In the past 18 months that the new owner has taken over, though, he's gone thru 3 office managers, and all the lapses in coding are really mucking up the reporting. I was hoping to get some good feedback showing how others do their books, so I could print it out and show to the new owner what the standard is, and why others do it. For background, I took a job managing the sales and marketing for him, after he bought me out. The only reason I really care is that I get complaints about profits, and there's no way for me to show him he needs improvement on production, if he's convinced it's all about the price the jobs are sold at. 

There's no way for me to check my numbers against his labor rates, if I don't get reports. Materials aren't too bad, I can check those on my own, but labor, not a chance. 

I'm hoping this year will be a big improvement, hes seen some of the hassles it creates without reporting, and seems committed to whipping the guys into shape to turn in receipts, etc, and I worked with the new girl to show her how to track and not just make notes in the Memo lines of check.....sheesh. Lol!


----------



## CITY DECKS INC (Sep 4, 2012)

GOOD DATA TRACKING. I'M A GOON ABOUT IT BECAUSE OUR HISTORY CAN DICTATE THE FUTURE. I NOTICED THAT KNOW ONE HAS MENTIONED THE “DIMINISHING RETURN FACTOR” 


WHEN YOU OUT GROW YOUR 2-3 MAN TEAM MAYBE TOP OFF AT 800-MILL A YEAR. YOUR BUSTING AT THE SEEMS TO STAY ON TRACK SO YOU HIRE MORE PEOPLE WORKERS MANAGER ETC NOW MAKING THINKING YOU'LL DBL YOR MONEY BECAUE YOU CAN THE JOBS DONE FASTER BUT NOTICE THE 20-30% PROFIT JUST TANKED TO ABOUT 5% 
THE NUMBERS ARE NOT RELEVANT. 

WHAT DO YOU DO THEN?

A) HOLD YOUR GROUND WITH CREW AND OVERHEAD STAYING AS IS MEANING YOU RIDE THE WAVE AND KEEP A BACK LOG ALONG WITH EXCELLENT SERVICE AND HAPPY HAPPY CUSTOMERS?
B) STAND YOUR GROUND AND RAISE YOUR PRICES? AGAIN EXCELLENT SERVICE AND KEEPING HAPPY HAPPY CUSTOMERS.
C) DBLE DOWN AND ADD 3-4 MORE PEOPLE TO YOUR BUSINESS. BUCKLE UP UNTIL YOUR OVER THE HURDLE AND LAND IN THE 3-5MILL/YR LAND? 


:whistling


----------



## stewart.knowles (Nov 20, 2010)

I'm sure Uncle Sam had differing opinions about you "making $0" when you paid yourself $80k


----------



## Jaws (Dec 20, 2010)

stewart.knowles said:


> I'm sure Uncle Sam had differing opinions about you "making $0" when you paid yourself $80k


Why? 80k is a reasonable salary for many jobs. I know several residential PMs who make that and more.


----------



## Jaws (Dec 20, 2010)

stewart.knowles said:


> I'm sure Uncle Sam had differing opinions about you "making $0" when you paid yourself $80k


The key from my understanding is to pay yourself a salary, every month. Whether thats $10,000 or $1,000.


----------



## stewart.knowles (Nov 20, 2010)

What I meant by that was this: Even though you paid yourself $80k, that is still taxible income which equals profit, as your taxible inclome is the same as a profit and loss statement in my opinion. To say that that you made no money after you paid yourself would be inaccurate. You made $80k and your balance sheet equals 0. Technically your company made no money after you were paid, but you are the company, therefore you made money.


----------



## Jaws (Dec 20, 2010)

stewart.knowles said:


> What I meant by that was this: Even though you paid yourself $80k, that is still taxible income which equals profit, as your taxible inclome is the same as a profit and loss statement in my opinion. To say that that you made no money after you paid yourself would be inaccurate. You made $80k and your balance sheet equals 0. Technically your company made no money after you were paid, but you are the company, therefore you made money.

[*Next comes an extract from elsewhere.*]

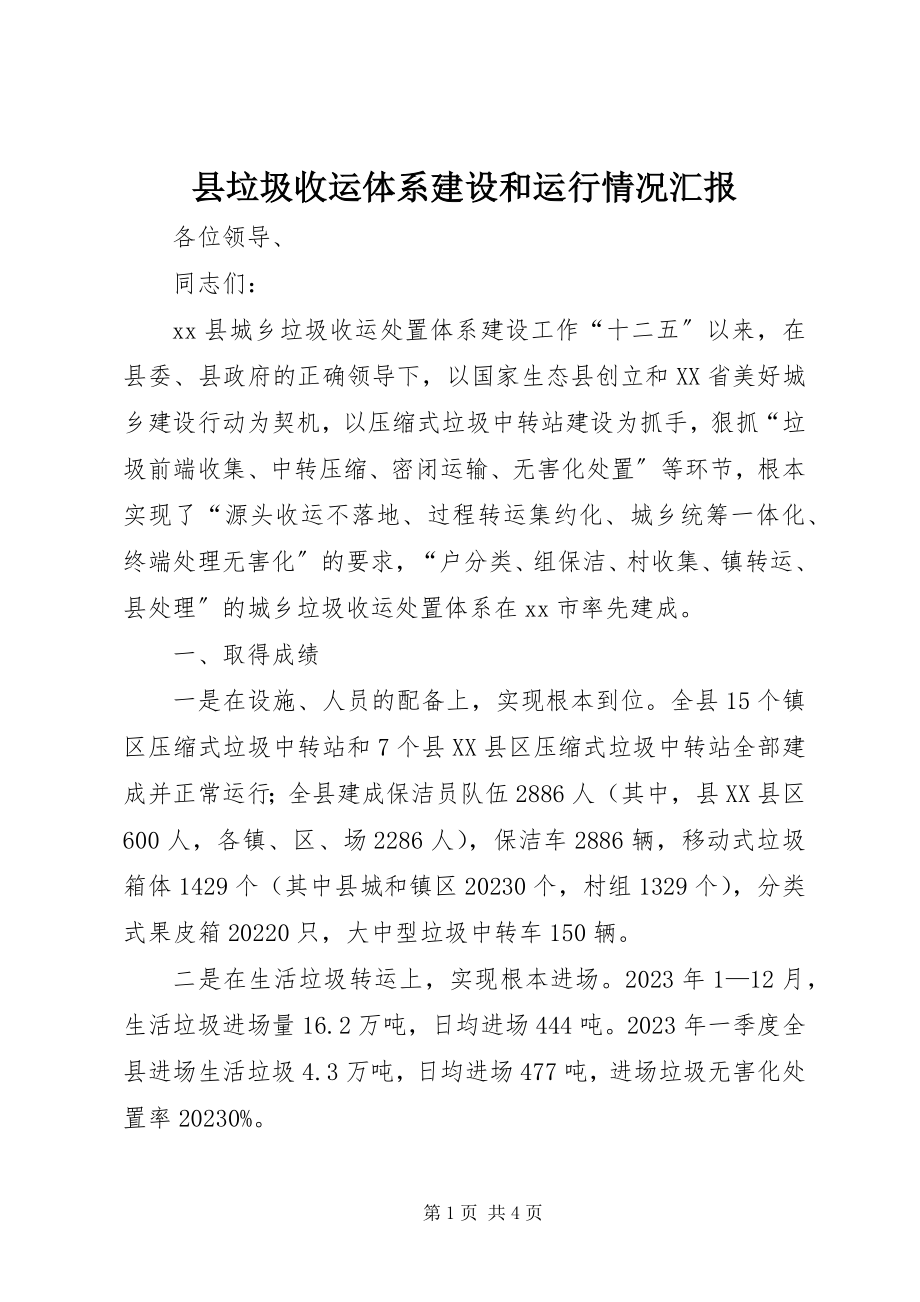 2023年县垃圾收运体系建设和运行情况汇报.docx_第1页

Actually,if the 80k is a salary, your taxed at like 15%. What you claim as profit is close to a third 28-35%.


----------



## Jaws (Dec 20, 2010)

Jaws said:


> Actually,if the 80k is a salary, your taxed at like 15%. What you claim as profit is close to a third 28-35%.


My point:

Jaws salary = $ x every other week. It is taxed as such (payroll )

That is not profit. That is the same as any other payroll deduction.

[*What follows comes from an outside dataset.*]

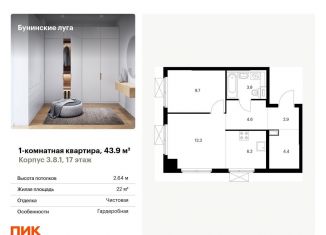 Продаю 1-комнатную квартиру, 43.9 м2, посёлок Коммунарка, Проектируемый проезд № 7094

If Y is left at the end of the year, you pay taxes on it as profit. Y (profit) is taxed at a higher rate than x (salary).


----------



## stewart.knowles (Nov 20, 2010)

At the end of the year, it does not matter if I pay myself weekly or none at all. Revenue minus expenses = taxable income. Whether you are a sole proprietor,LLC, or Incorporated may have something to do as to what tax rate you fall under at what time. But I know at the end of the year I pay the same rate on the money that is my salary as well as what is left over at the end of the year and I am an LLC in TN with no state income tax.


----------



## Warren (Feb 19, 2005)

Jaws said:


> My point:
> 
> Jaws salary = $ x every other week. It is taxed as such (payroll )
> 
> ...


Not always. Depending upon how the company is set up, deductions, personal tax bracket etc. As an llc, mine all ends up in the same place eventually.


----------



## EthanB (Sep 28, 2011)

Jaws said:


> Actually,if the 80k is a salary, your taxed at like 15%. What you claim as profit is close to a third 28-35%.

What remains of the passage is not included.